The rate for a 270,000-metric ton tanker surged by 22 points, approximately 50%, on the Worldscale (WS) global index, reaching around 75 points from a baseline of 100. This translates to a roundtrip time charter equivalent (TCE) of over $57,000 per day, as reported in published sources.
That rate was approximately $21,000 per day as of June 11.
Crude oil futures reached $76.42 on Sunday, up from the previous close of $73.84.
The Iranian parliament approved a measure on Sunday to close the Strait of Hormuz, the narrow waterway connecting the Gulf to the Arabian Sea and global shipping lanes. Approximately 17 million barrels per day, or one-fourth of the world’s production, pass through this waterway annually, according to the Strauss Center for International Security and Law at the University of Texas.
On Sunday, U.S. Secretary of State Marco Rubio urged China, the largest buyer of Iranian oil, to prevent Tehran from closing the strait.

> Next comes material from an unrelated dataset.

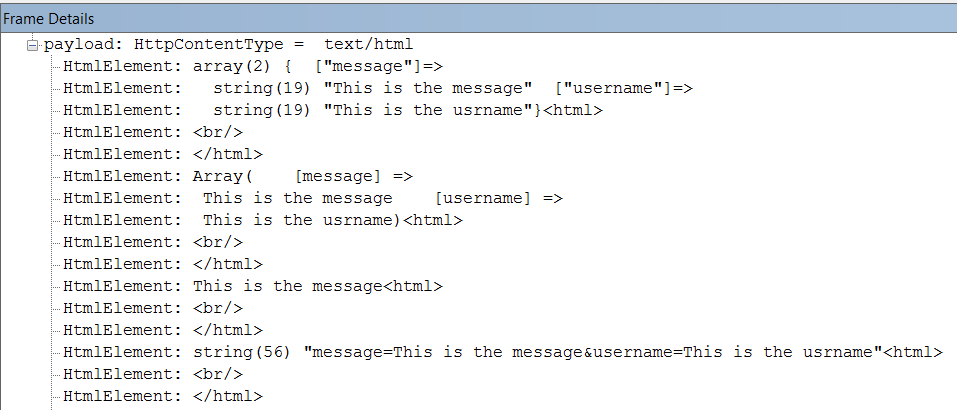 POST data from c to PHP and echo it Stack Overflow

A closure would require approval from Iran’s security regime, which last occurred in 1984.
Gulf nations, which collectively account for 2-3% of annual global container volumes, are closely monitoring the situation. Maersk, a Danish shipping line, issued an advisory stating that they are closely monitoring the situation, particularly considering the U.S. involvement in the conflict. While sailing through the Strait of Hormuz continues, Maersk is prepared to re-evaluate its strategy based on available information. Additionally, they are continuously monitoring the security risk to their vessels in the region and are ready to take necessary operational actions.
French-based CMA CGM also reported that shipping activities are proceeding normally in the area, and their operations and logistics chains remain unchanged. They emphasized their commitment to ensuring full service coverage across all routes and ports of call.